Your goal: When you reach the line below that has "Hooded Zip Jacket", start returning lines exactly, and stop after the line that has "Ladies' Sports Yoga"; skip the pictures.

The data:
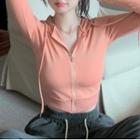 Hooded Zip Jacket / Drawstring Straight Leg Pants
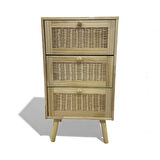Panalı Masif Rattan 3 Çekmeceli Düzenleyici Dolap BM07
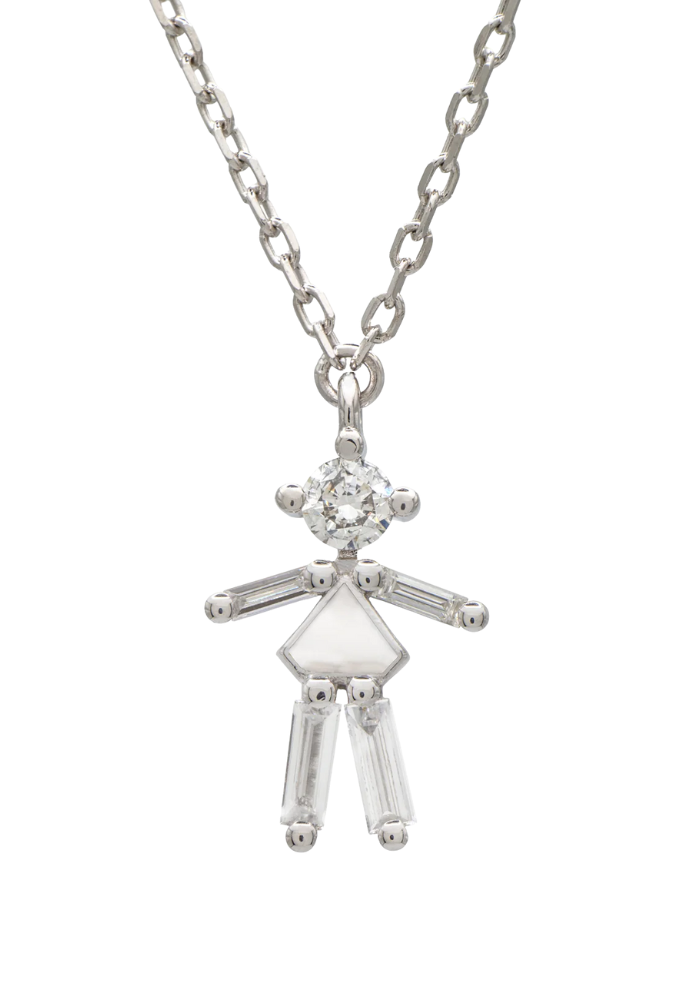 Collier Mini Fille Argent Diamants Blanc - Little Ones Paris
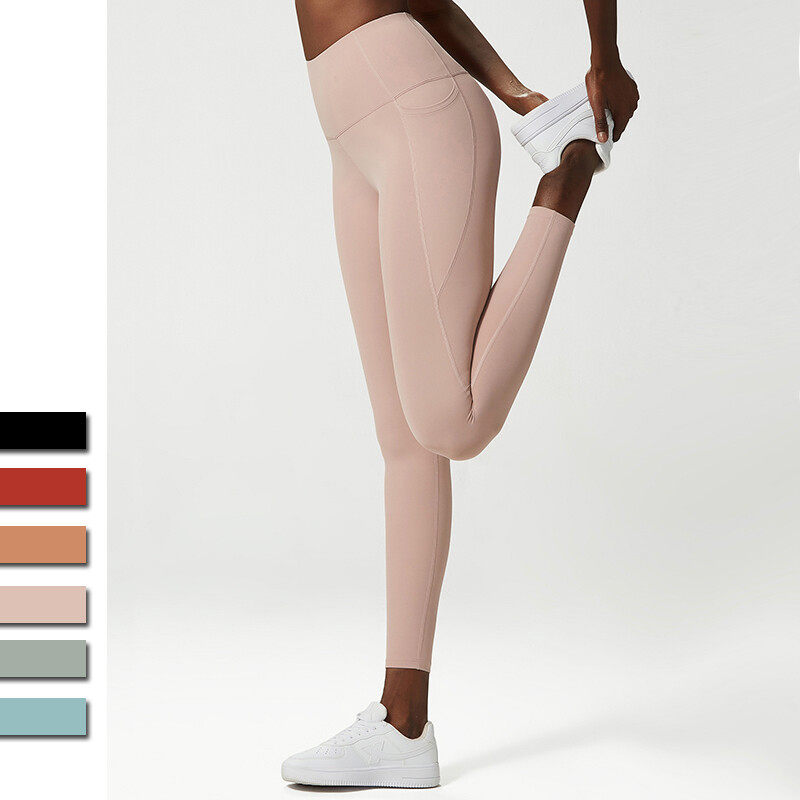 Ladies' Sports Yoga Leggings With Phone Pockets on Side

--

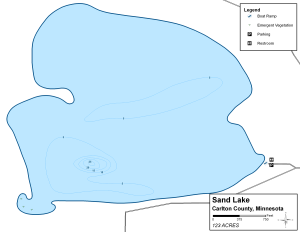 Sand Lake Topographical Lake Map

Exercise response:
 Hooded Zip Jacket / Drawstring Straight Leg Pants
Panalı Masif Rattan 3 Çekmeceli Düzenleyici Dolap BM07
 Collier Mini Fille Argent Diamants Blanc - Little Ones Paris
 Ladies' Sports Yoga Leggings With Phone Pockets on Side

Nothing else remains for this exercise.